* zeroout fixes
@ 2016-06-24 7:00 Christoph Hellwig
2016-06-24 7:00 ` [PATCH 1/2] block: introduce BLKDEV_DISCARD_ZERO to fix zeroout Christoph Hellwig
` (2 more replies)
0 siblings, 3 replies; 8+ messages in thread
From: Christoph Hellwig @ 2016-06-24 7:00 UTC (permalink / raw)
To: axboe; +Cc: shli, martin.petersen, snitzer, sitsofe, linux-block
The first one is a repost of my BLKDEV_DISCARD_ZERO with the spelling
fixes suggest from Martin, the second one just drops the -EOPNOTSUPP
special casing in blkdev_issue_write_same.

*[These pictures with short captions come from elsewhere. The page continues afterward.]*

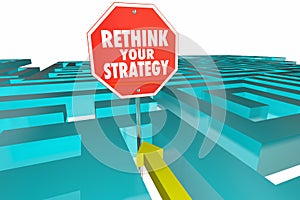 Rethink Your Strategy New Plan Maze Sign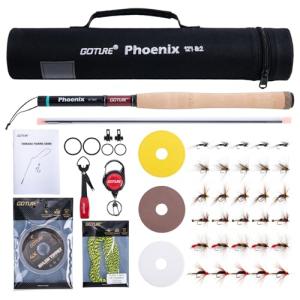 Goture Tenkara Fishing Rod Kit with Rod Tube, Telescopic Fly Fishing Rod 12FT, Cork Handle, Tenkara Starter Full Rod Kit, Boxed Gift Set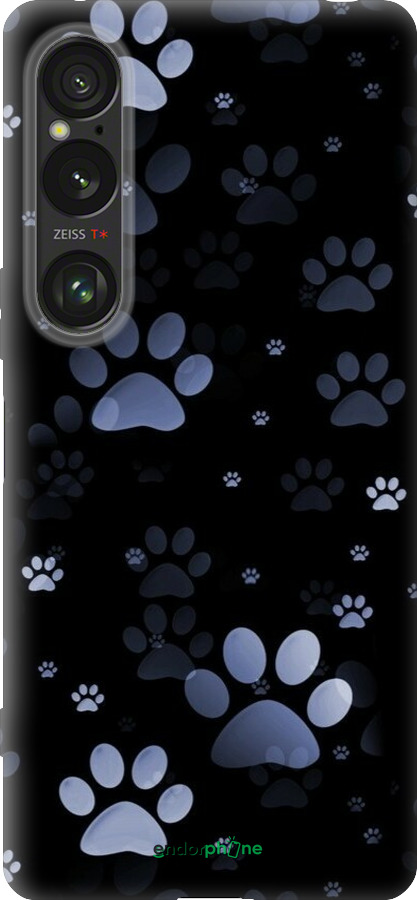 Силиконовый чехол С синими отпечатками лап для Sony Xperia 1 VI - 6441u-3975 изображение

Note that the patches are against the block for-next tree, and
unfortunately we have diverged significantly from 4.7 in this area:
4.7 has the missing bio_put for the sumbmit_bio_wait callers, and
4.8 has the various req_op changes, including a new calling
convention for __blkdev_issue_zeroout. I'm not sure how to best
sort this mess out, but I really think we need the bio_put in the
for-4.8 tree as well, and we should probably bring the changed
__blkdev_issue_discard calling convention into 4.7 as well.
Suggestion for how to best handle this?
^ permalink raw reply [flat|nested] 8+ messages in thread
* [PATCH 1/2] block: introduce BLKDEV_DISCARD_ZERO to fix zeroout
2016-06-24 7:00 zeroout fixes Christoph Hellwig
@ 2016-06-24 7:00 ` Christoph Hellwig
2016-06-29 5:03 ` Martin K. Petersen
2016-06-24 7:00 ` [PATCH 2/2] block: don't ignore -EOPNOTSUPP blkdev_issue_write_same Christoph Hellwig
2016-07-08 9:36 ` zeroout fixes Christoph Hellwig
2 siblings, 1 reply; 8+ messages in thread
From: Christoph Hellwig @ 2016-06-24 7:00 UTC (permalink / raw)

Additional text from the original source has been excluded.